◆ **PROBLEM TO SOLVE**
In the records below, the lines between the one holding "app logo, green" and the one holding "Black and cream silk scarf", inclusive, are to be transcribed exactly; no pictures are to be included.
---- PROVIDED DATA
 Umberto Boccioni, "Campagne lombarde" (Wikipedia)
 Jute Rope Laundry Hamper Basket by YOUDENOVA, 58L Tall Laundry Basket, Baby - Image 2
--------
---- PROVIDED DATA
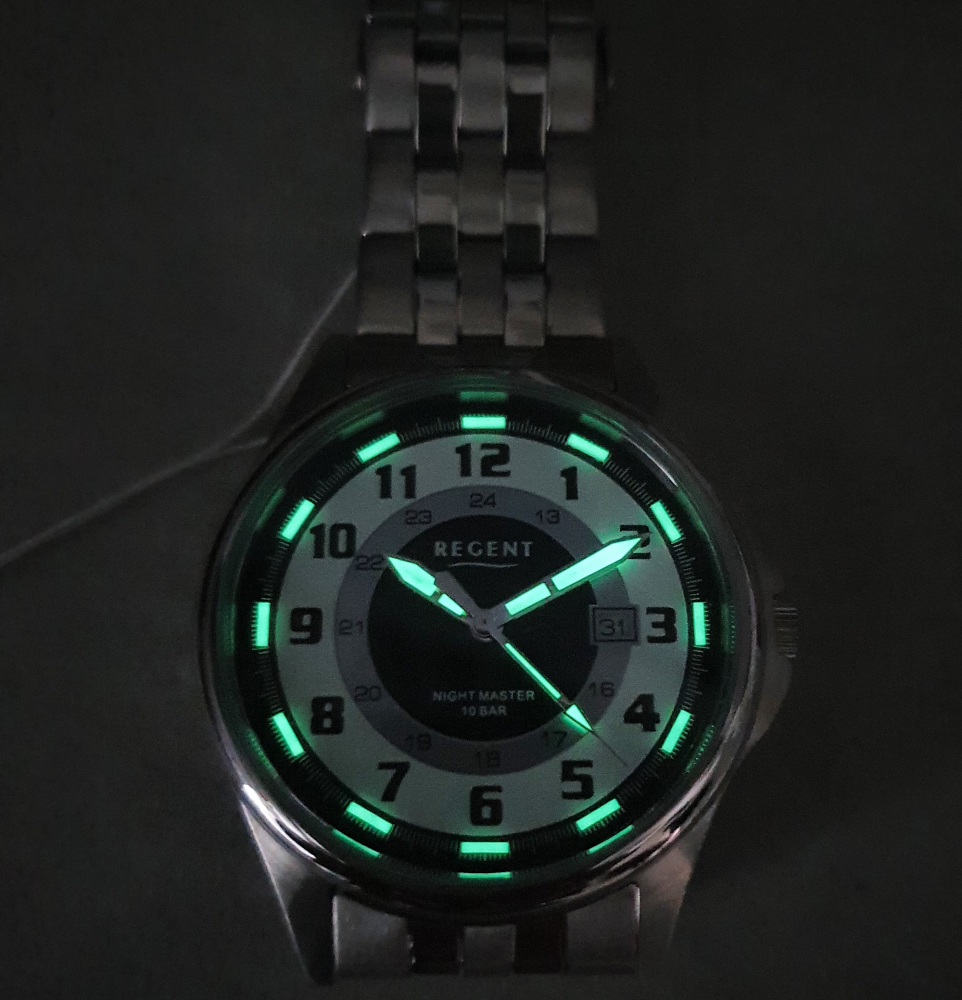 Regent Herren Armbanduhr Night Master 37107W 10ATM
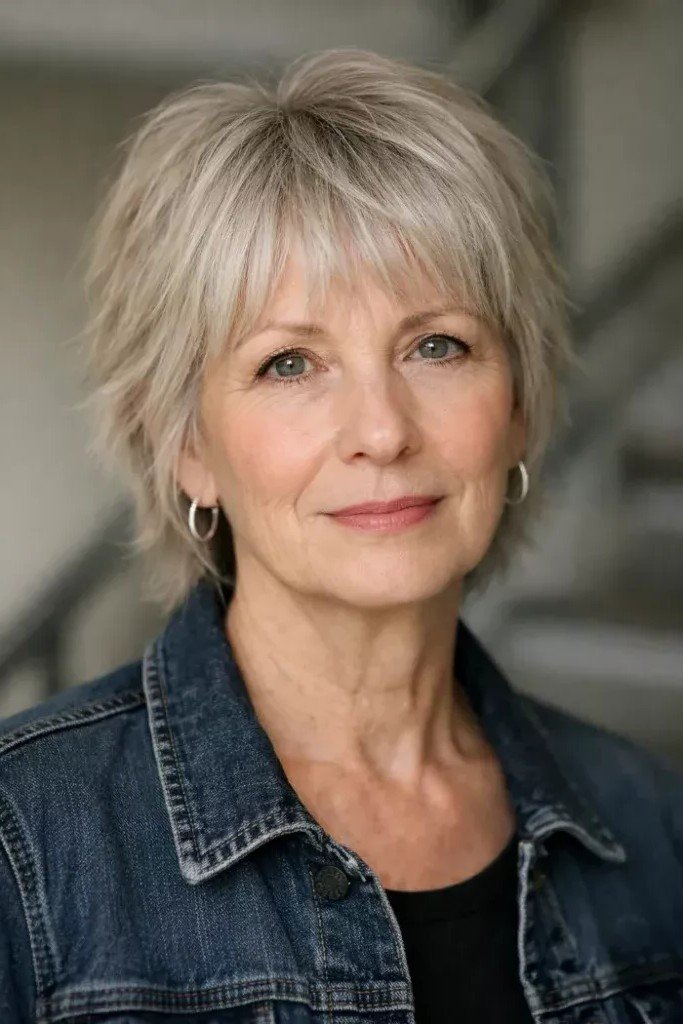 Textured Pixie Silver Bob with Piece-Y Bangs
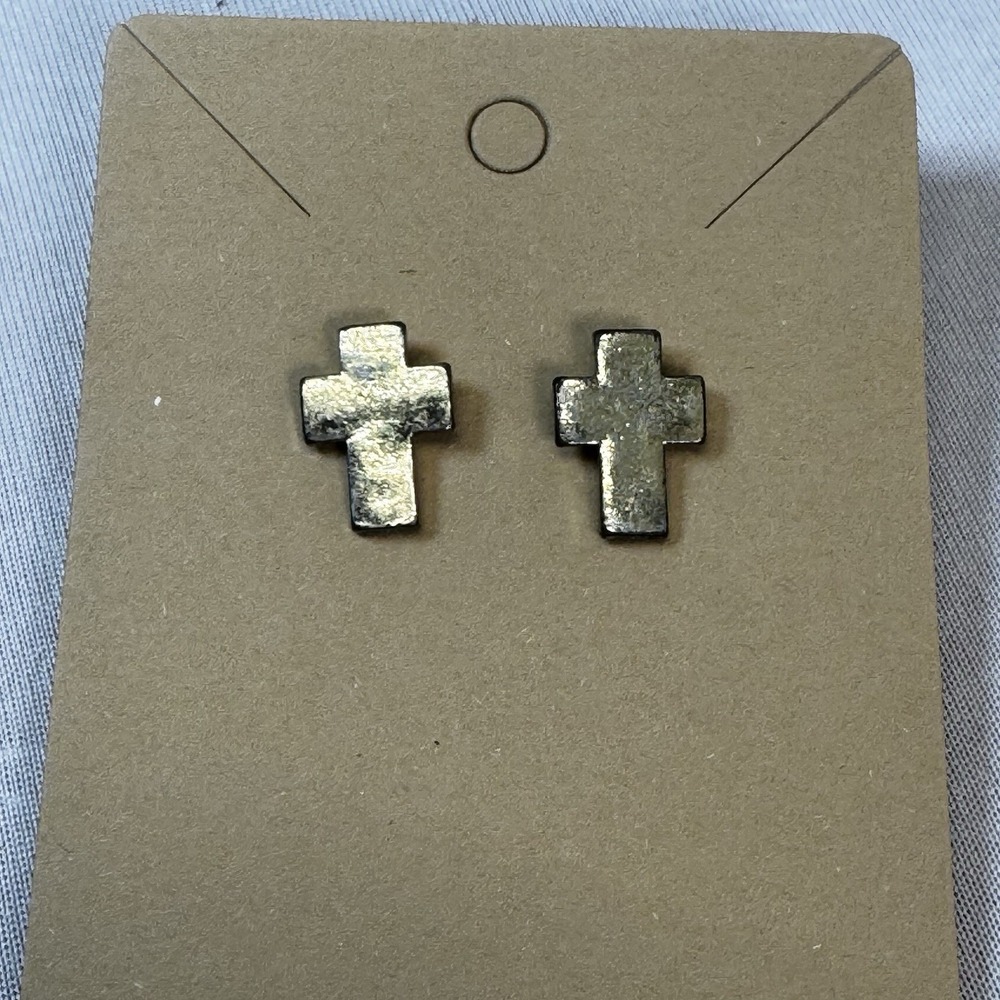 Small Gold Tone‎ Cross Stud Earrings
--------
---- PROVIDED DATA
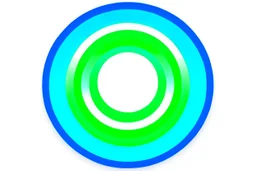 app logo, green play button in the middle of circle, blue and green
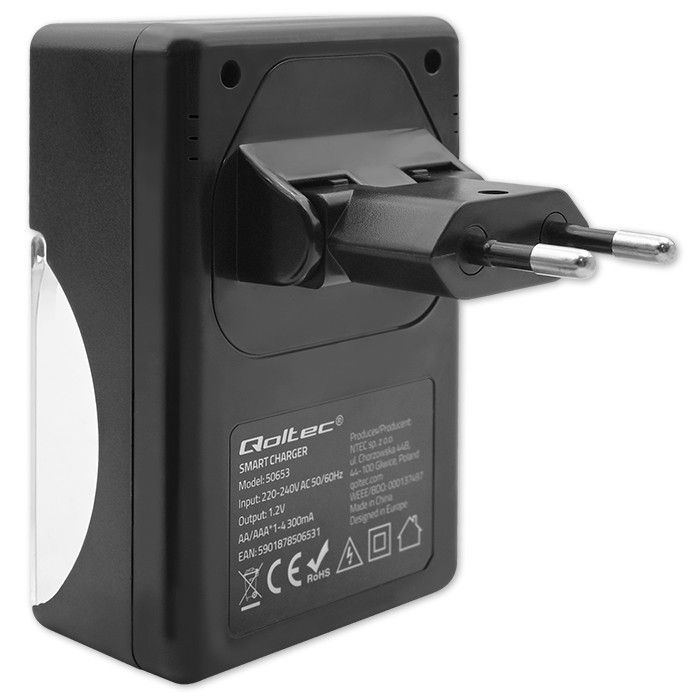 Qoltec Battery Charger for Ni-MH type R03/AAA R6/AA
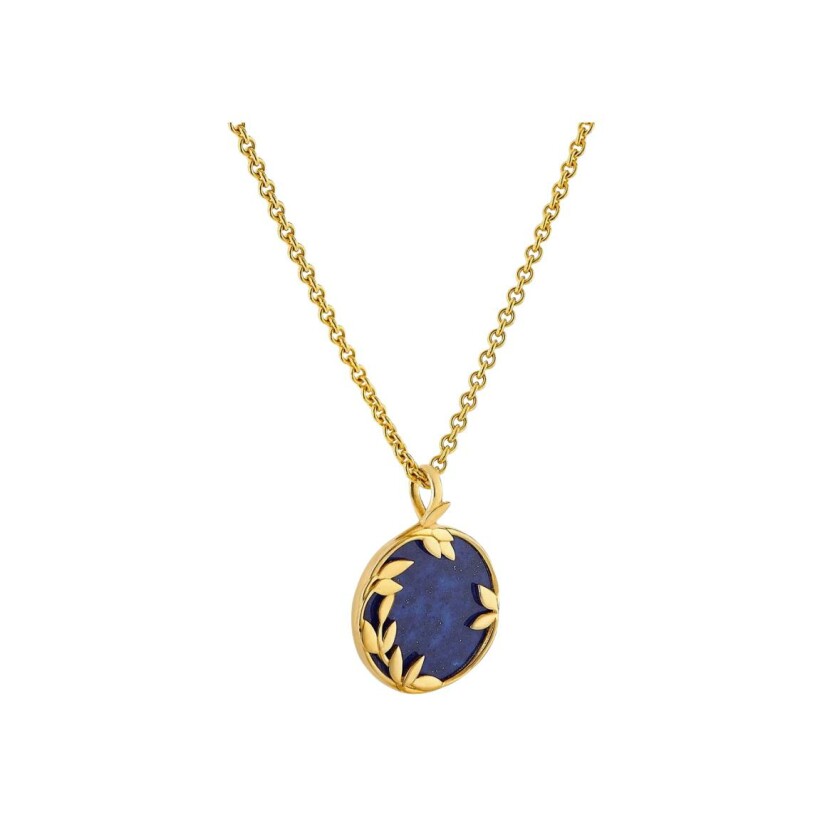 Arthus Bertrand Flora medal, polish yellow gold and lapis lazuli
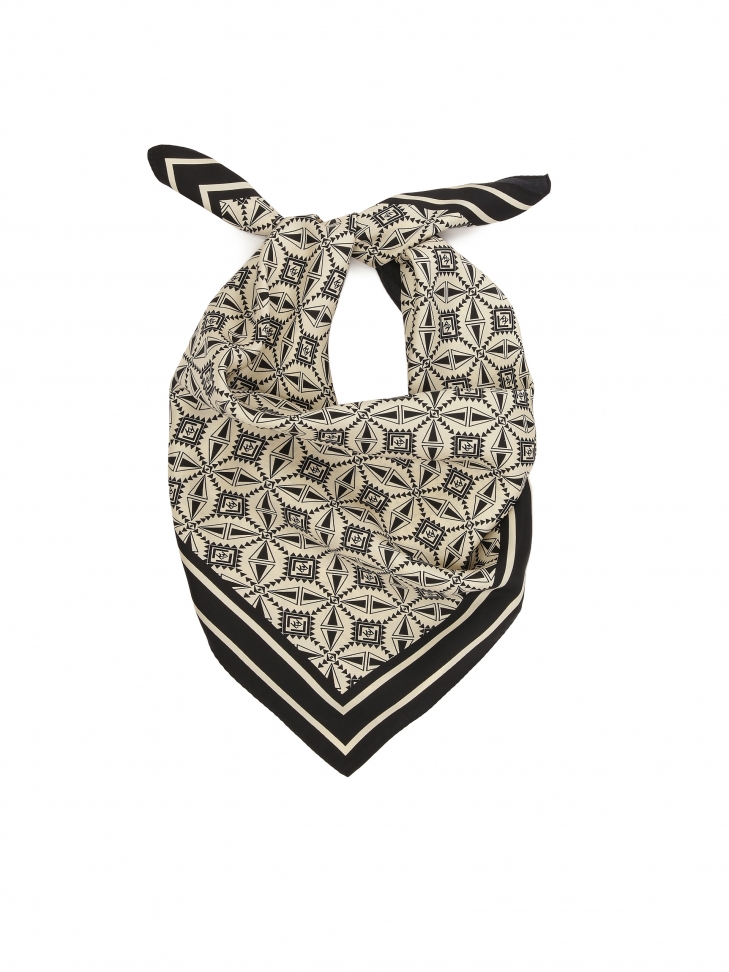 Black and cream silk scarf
--------
◆ **TASK RESPONSE**
 app logo, green play button in the middle of circle, blue and green
 Qoltec Battery Charger for Ni-MH type R03/AAA R6/AA
 Arthus Bertrand Flora medal, polish yellow gold and lapis lazuli
 Black and cream silk scarf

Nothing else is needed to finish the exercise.